*** Begin section ***

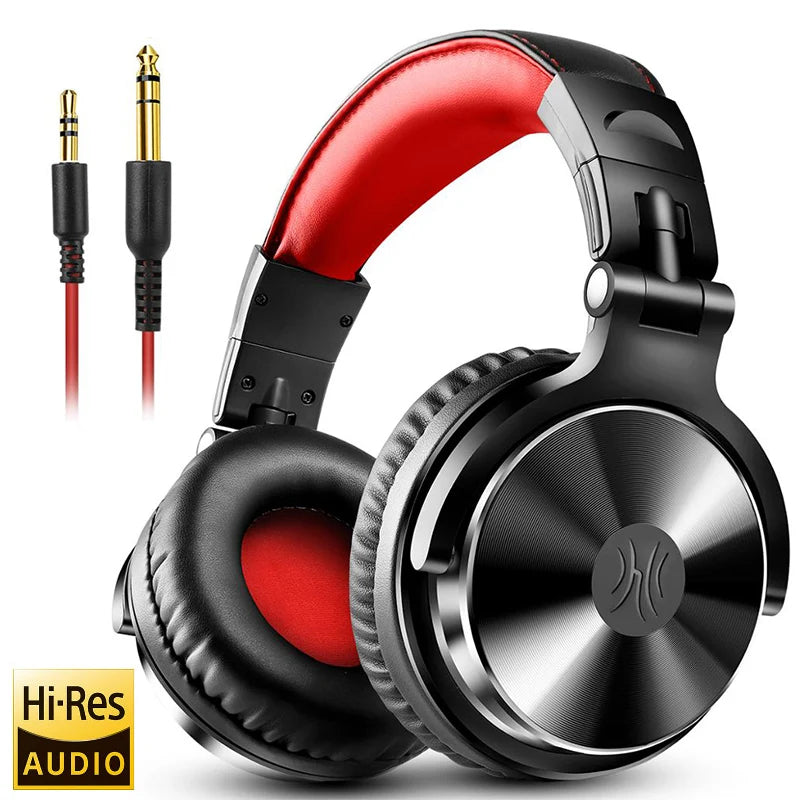 Black and red wired over-ear studio monitor headphones with cushioned ear pads and gold-plated connectors.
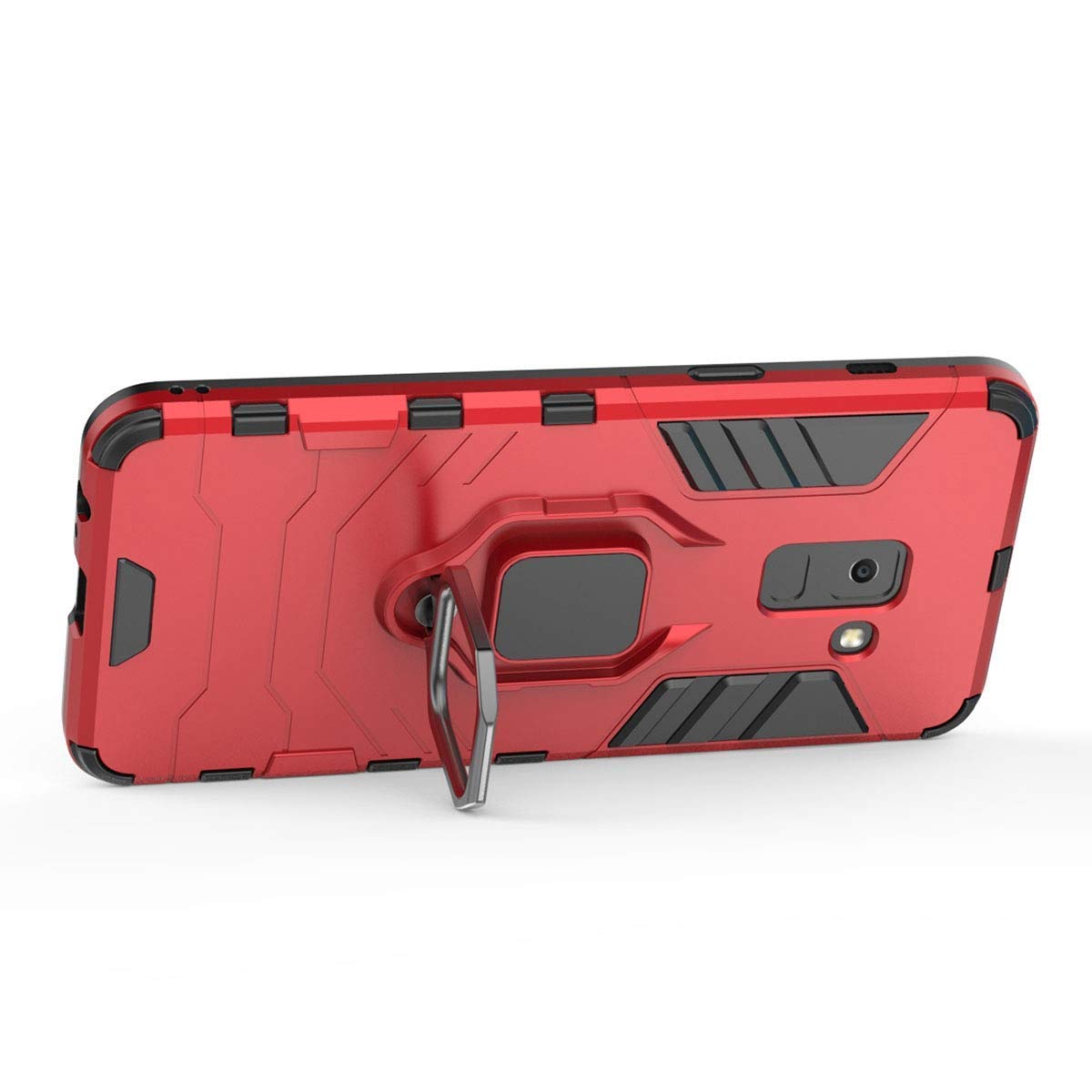 Shockproof Rugged Case for Samsung Galaxy A8 (2018) - Dual Layer Hard Bumper with Metal Ring Grip & Kickstand | Compatible with Magnetic Car Mount | Perfect for Outdoor Activities, Work & Travel (Red)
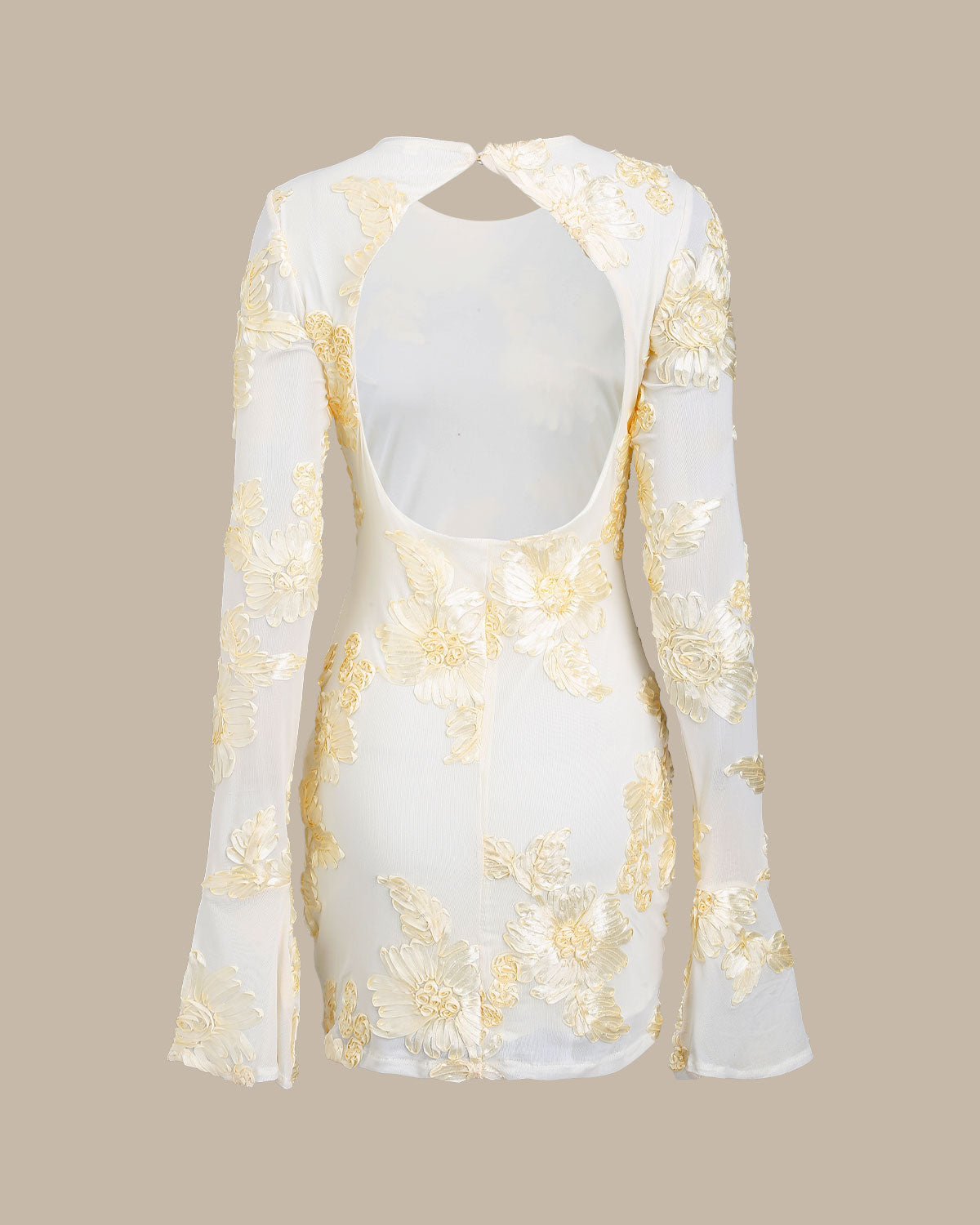 Beyaz Jakarlı Bodycon Mini Elbise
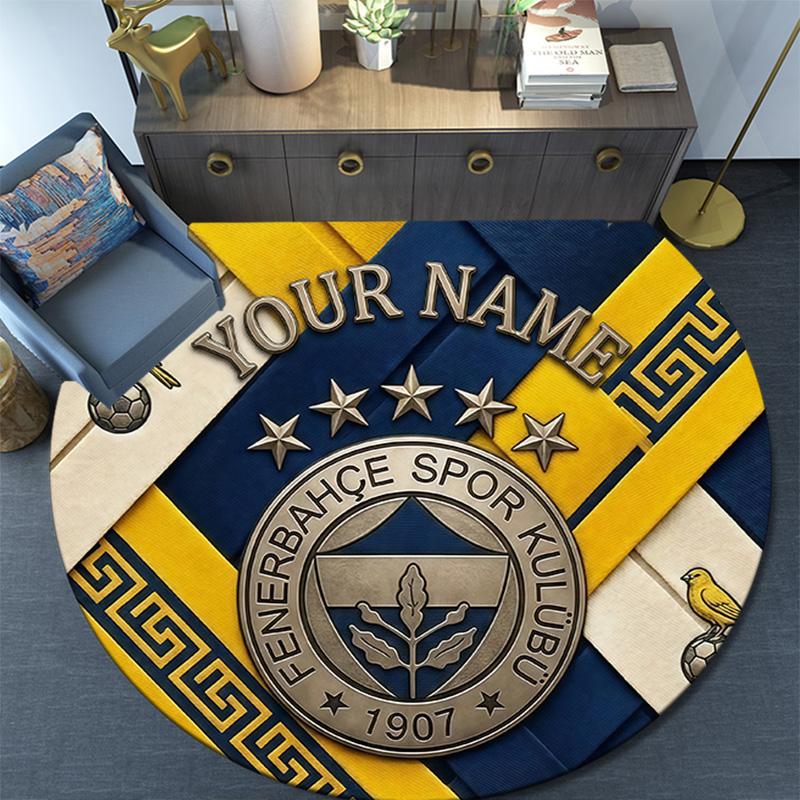 Custom Name Fenerbahçe Round Area Rug,Carpet Rug for Living Room Bedroom Sofa Playroom Decor,Non-slip Floor Mat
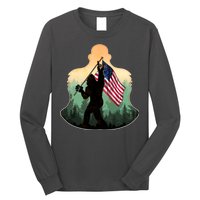 Big Foot American Flag Long Sleeve Shirt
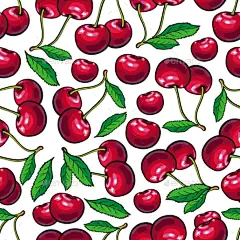 樱桃无缝模式——食物对象Cherry Seamless Pattern - Food Objects艺术、背景、浆果、樱桃、装饰,设计师,甜点,织物,食物,新鲜,水果,健康、插图、孤立、叶、自然、自然、有机的,模式,红色,成熟,无缝,素描,夏天,甜,文本、纺织、矢量,壁纸,白色 art, background, berry, cherry, decorative, designer, dessert, fabric, food, fresh, fruit, healthy, illustration, i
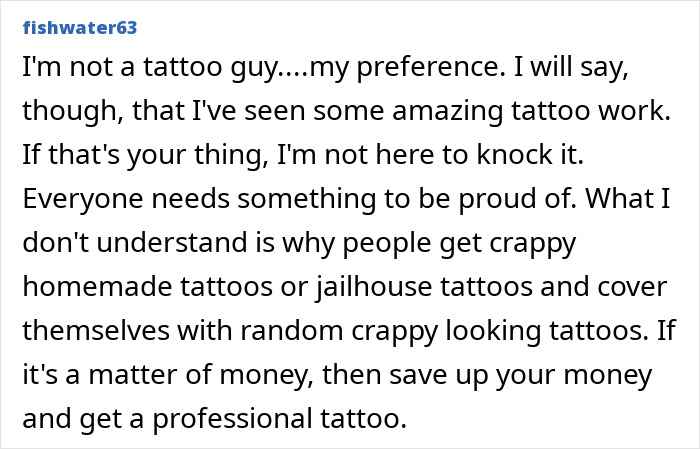 Alt text: User discussing tattoo preferences and advising to save money for professional tattoos amid the tattoo boom cooling.
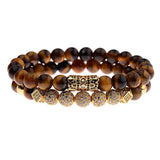 Tiger Eye Stone Men Bracelet Classic Zircon CZ Ball Beaded Bracelets Set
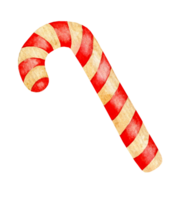 Christmas lollipop cane. Watercolor illustration of a festive caramel with red and white stripes. New Year's decor and treats. Drawn by hand. png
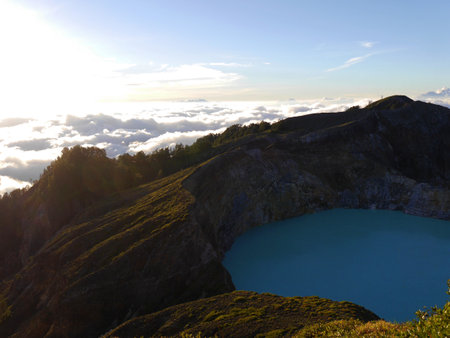 View of one of Kelimutu tri-coloured crater lakes, Flores, Indonesiaの写真素材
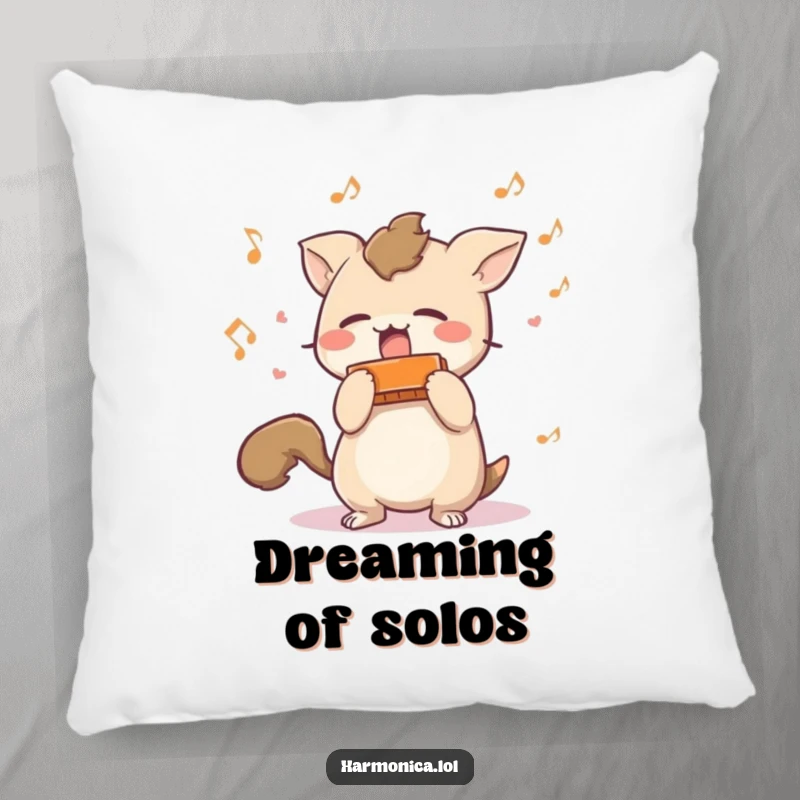 Funny pillow: A short-tailed creature shaking a harmonica with scattered musical notes, depicting a cozy, humorous musical moment.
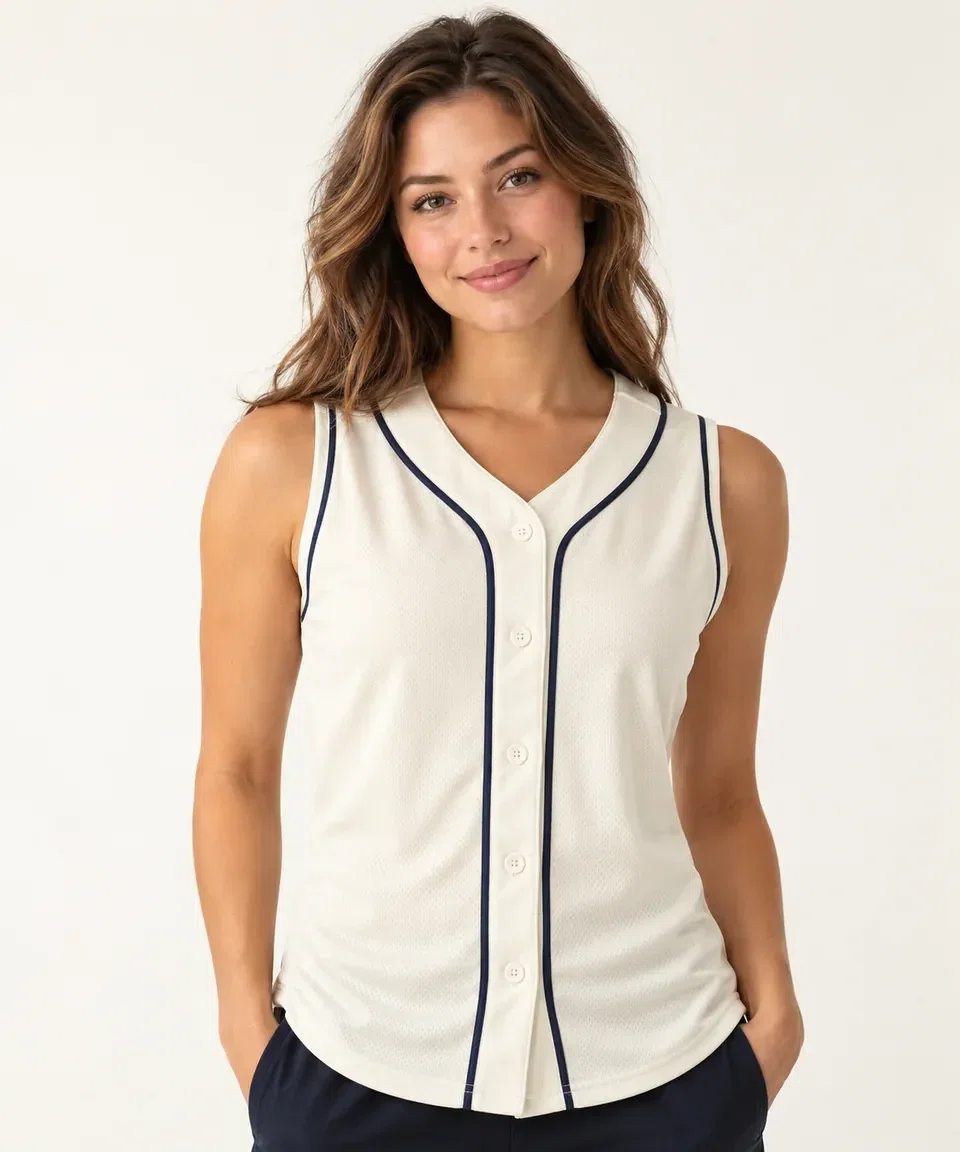 AI-generated illustrative studio image of a model wearing a plain cream sleeveless baseball jersey with navy piping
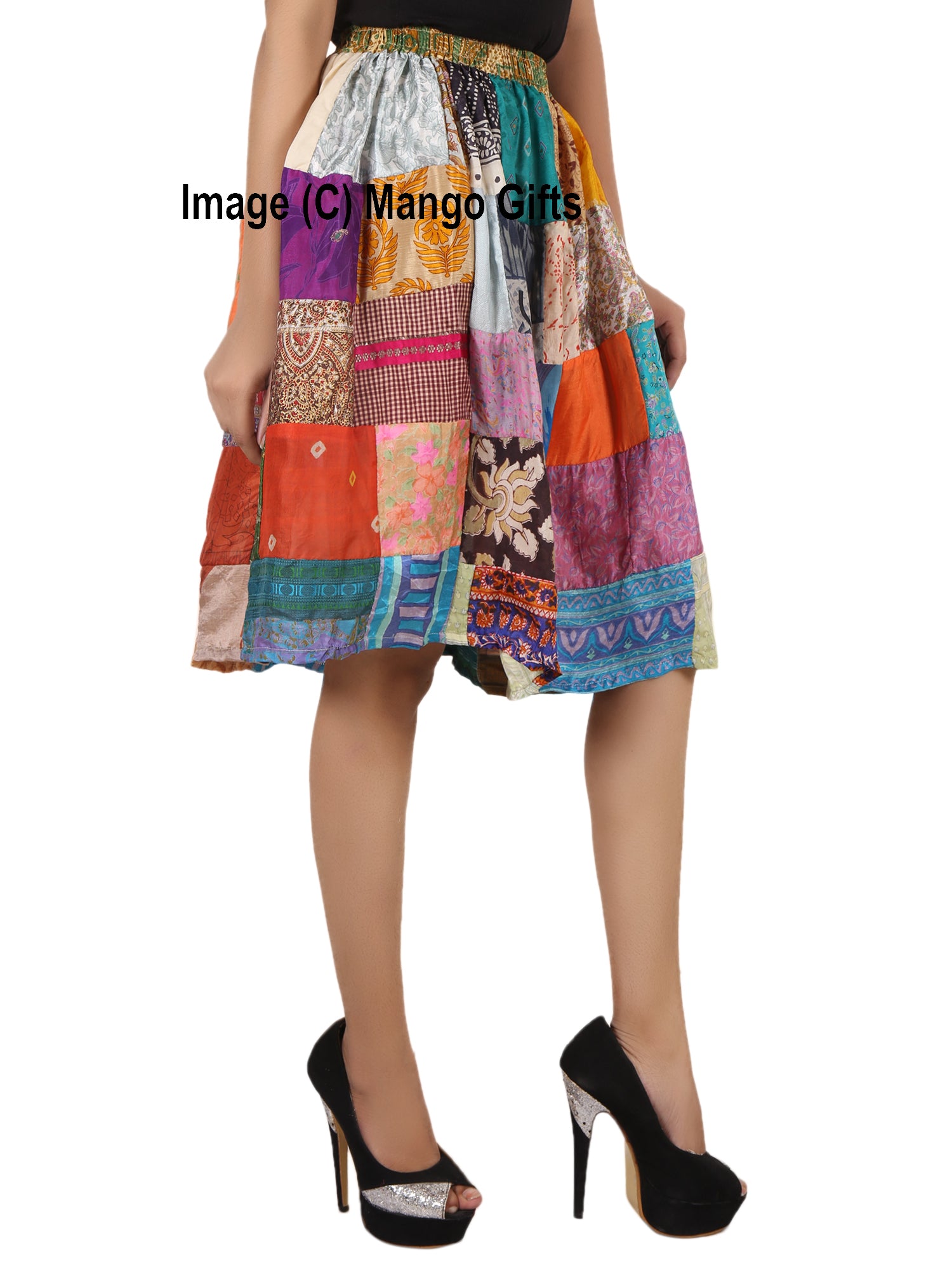 Indian Silk Sari Patchwork Boho Girls Skirt Fashion Wear Hippy Hippie Vintage Clothings - Mangogiftsstore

*** End section ***

• [Problem details] Since pictures are not part of the copy, set down only the remaining data exactly.

• [Completed task]
 Black and red wired over-ear studio monitor headphones with cushioned ear pads and gold-plated connectors.
 Shockproof Rugged Case for Samsung Galaxy A8 (2018) - Dual Layer Hard Bumper with Metal Ring Grip & Kickstand | Compatible with Magnetic Car Mount | Perfect for Outdoor Activities, Work & Travel (Red)
 Beyaz Jakarlı Bodycon Mini Elbise
 Custom Name Fenerbahçe Round Area Rug,Carpet Rug for Living Room Bedroom Sofa Playroom Decor,Non-slip Floor Mat
 Big Foot American Flag Long Sleeve Shirt
 樱桃无缝模式——食物对象Cherry Seamless Pattern - Food Objects艺术、背景、浆果、樱桃、装饰,设计师,甜点,织物,食物,新鲜,水果,健康、插图、孤立、叶、自然、自然、有机的,模式,红色,成熟,无缝,素描,夏天,甜,文本、纺织、矢量,壁纸,白色 art, background, berry, cherry, decorative, designer, dessert, fabric, food, fresh, fruit, healthy, illustration, i
 Alt text: User discussing tattoo preferences and advising to save money for professional tattoos amid the tattoo boom cooling.
 Tiger Eye Stone Men Bracelet Classic Zircon CZ Ball Beaded Bracelets Set
 Christmas lollipop cane. Watercolor illustration of a festive caramel with red and white stripes. New Year's decor and treats. Drawn by hand. png
 View of one of Kelimutu tri-coloured crater lakes, Flores, Indonesiaの写真素材
 Funny pillow: A short-tailed creature shaking a harmonica with scattered musical notes, depicting a cozy, humorous musical moment.
 AI-generated illustrative studio image of a model wearing a plain cream sleeveless baseball jersey with navy piping
 Indian Silk Sari Patchwork Boho Girls Skirt Fashion Wear Hippy Hippie Vintage Clothings - Mangogiftsstore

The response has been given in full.